Study Hall

Charting An Evolution: The Development Of Performance Audio At A Dynamic Music Organization

An inside look at The Black Rose Acoustic Society (TBRAS) music venue and its evolving production systems.

I’m a member of the board of directors and the sound team for The Black Rose Acoustic Society (TBRAS), a small non-profit organization formed in 1994 in Colorado Springs, CO.

Local musicians created the organization to foster traditional music by offering concerts, classes, and jams for roots musicians at all levels, with TBRAS serving as the home for bluegrass, folk, Americana, Gypsy swing, Celtic and alternative acoustic music in the Pikes Peak region.

Our concerts are held in the community center in the Black Forest, an area just north of Colorado Springs. On alternate Friday evenings, fans fill the 220-person hall to experience traditional music in the warm ambiance of a great-sounding log building constructed in 1929.

Outstanding national and regional musicians regularly grace our stage as featured acts. We also offer two opener slots to amateurs hoping to develop their stagecraft in front of our supportive audiences. Our series is so popular with performers that we’re booked well over a year in advance.

Bluegrass group Circus No. 9 performing on The Black Rose Acoustic Society Stage. (Credit: Todd Ryan Performance Photography)

Making Moves

I have a lifelong interest and background in electronics and audio, and I earned an Electrical Engineering degree at California Polytechnic State University (Cal Poly) in the late 1960s, just when the “LA Sound” was reaching its peak in pop music.

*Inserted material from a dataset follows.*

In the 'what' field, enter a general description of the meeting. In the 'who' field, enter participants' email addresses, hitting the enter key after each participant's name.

As an active Audio Engineering Society (AES) student member, I got the opportunity to spend lots of time absorbing the gear and recording techniques in major studios in the Los Angeles area. After graduation, an offer to work as a studio maintenance tech at Capitol Records came my way, but I chose another path toward the computer industry, which was exploding at the time.

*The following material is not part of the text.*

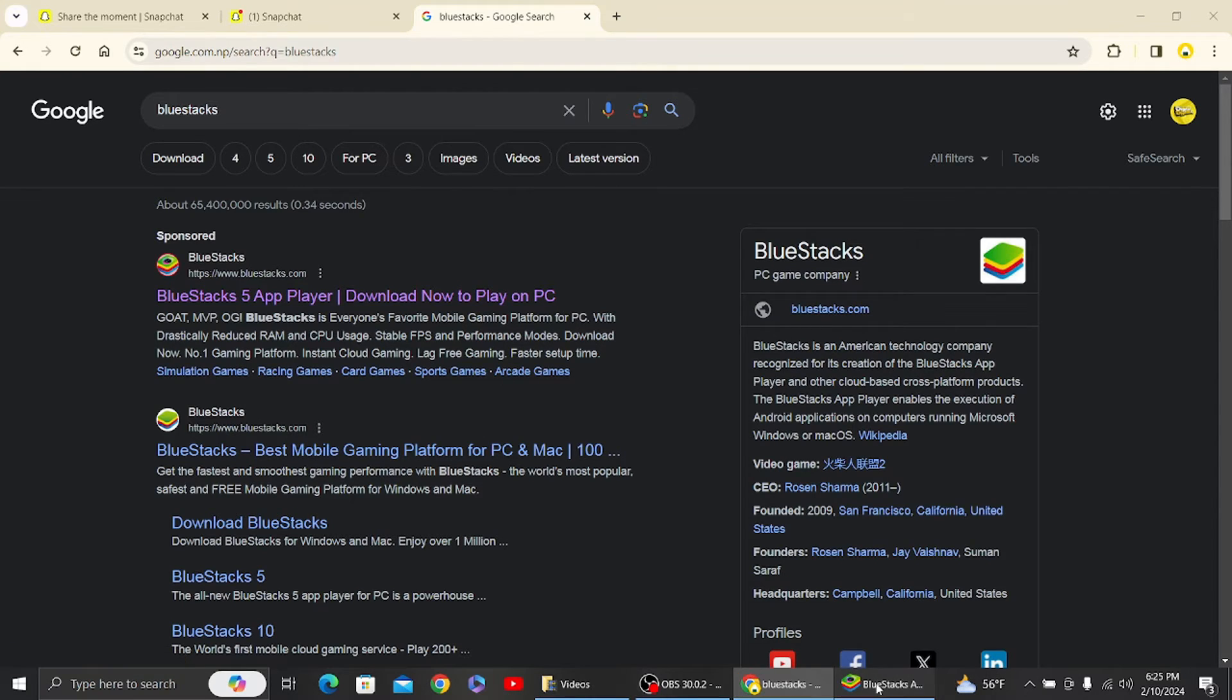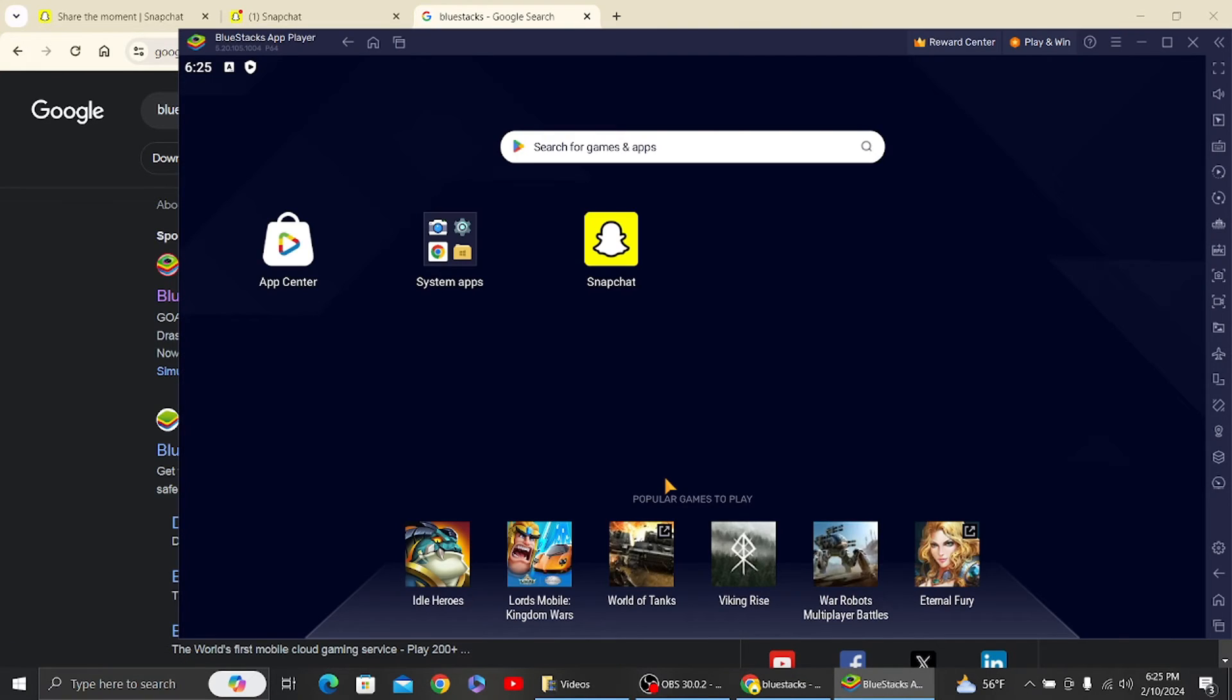Once you have downloaded the emulator, this is the interface. You can see this is the Snapchat application. What you have to do is go to the Play Store.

By the mid-1980s, it was time for a break from the corporate world, and I found myself in Colorado working for Vail Associates as a ski patrolman for five seasons. Along the way, I got hooked on live sound as a stagehand at concerts for artists such as Delbert McClinton, Bonnie Raitt, and Stevie Nicks, and I helped a friend configure a large system while working for his startup sound company in the valley. (Having used “cans” and ear plugs for most of my life in loud environments, I’m thankful to still have a relatively un-desecrated set of ears for someone so far past his freshness date.) A move back to Colorado Springs in 1989 set me on a path to become involved with TBRAS.

It Takes A Team

I took a position with Hewlett Packard in the Springs, where one of my coworkers was Charlie Hall, a revered local musician and a TBRAS co-founder. I wanted to get involved at some level, offering to improve the original sound system, which led to me funding a 20-channel Mackie mixer as part of the upgrade. That simple analog system served us for almost 20 years afterward. Grant Grovenburg came aboard as the main sound engineer around 1997, and he continues today to herd the small group of volunteers that form our sound team.

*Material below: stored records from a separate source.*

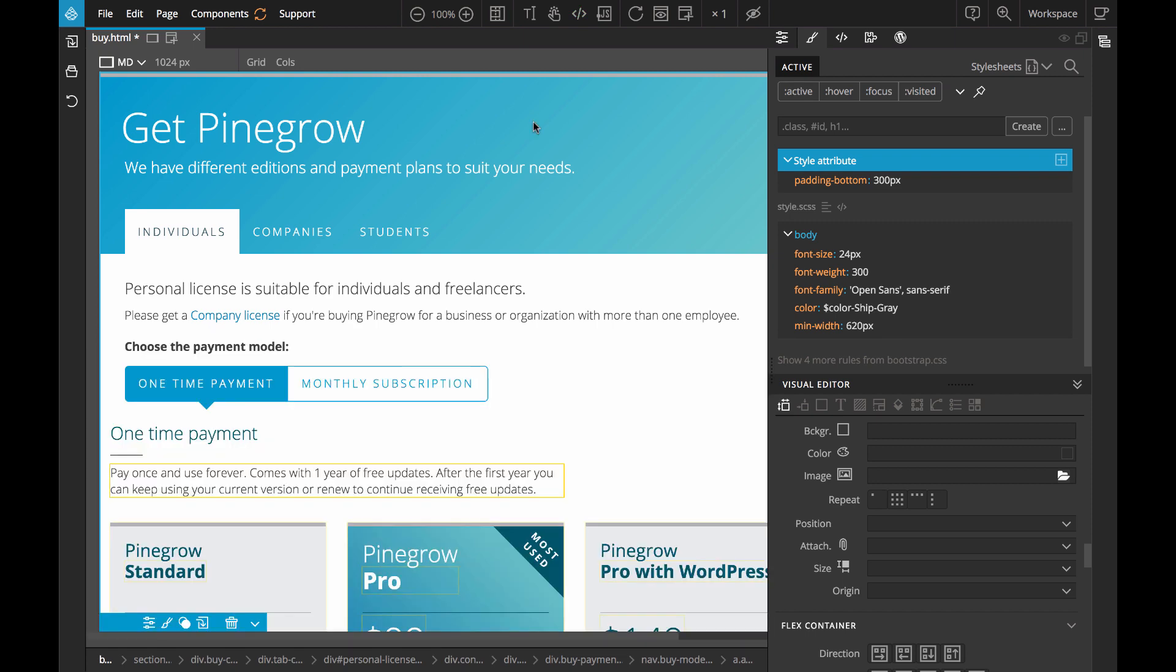For me image overlays are one of the most helpful features of Pinegrow and I hope you'll find them useful as well. Thank you very much.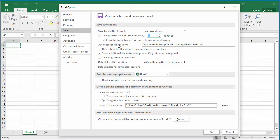The auto recover file location is where Excel will store the spreadsheet when it auto saves. You can change the location to whatever folder you want.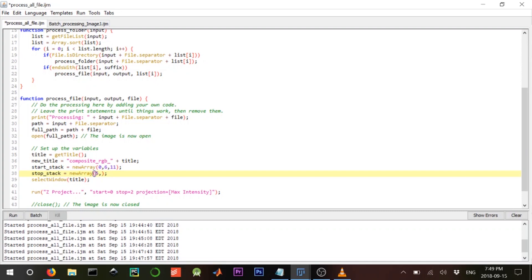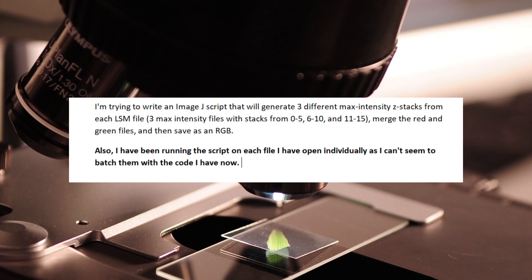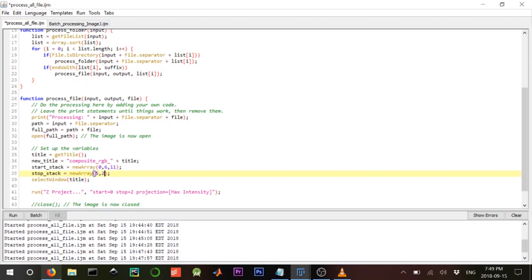And then the stop_stack array will be: five, ten, and fifteen. That will be the start_stack and stop_stack arrays.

In addition to the main shows in the Black Forest, we developed a concert series in a venue in downtown Colorado Springs. For a couple of years, I mixed front of house there and evolved the sound system with a new console, new main loudspeakers, and outboard graphic EQ. Working in a room with three walls of massive glass windows gave me a real grounding in “defensive mixing.” You really can’t appreciate the challenge of fighting feedback until you mix in a room with glass walls!

Several years ago we received a donation that was enough to upgrade our mains in the Black Forest venue. With the help of Brian May of Prosound, a local vendor, we auditioned a number of 15-inch, 2-way loudspeakers, ultimately choosing Electro-Voice ZX4s and installing four of them in a mono cluster above and in front of the stage area.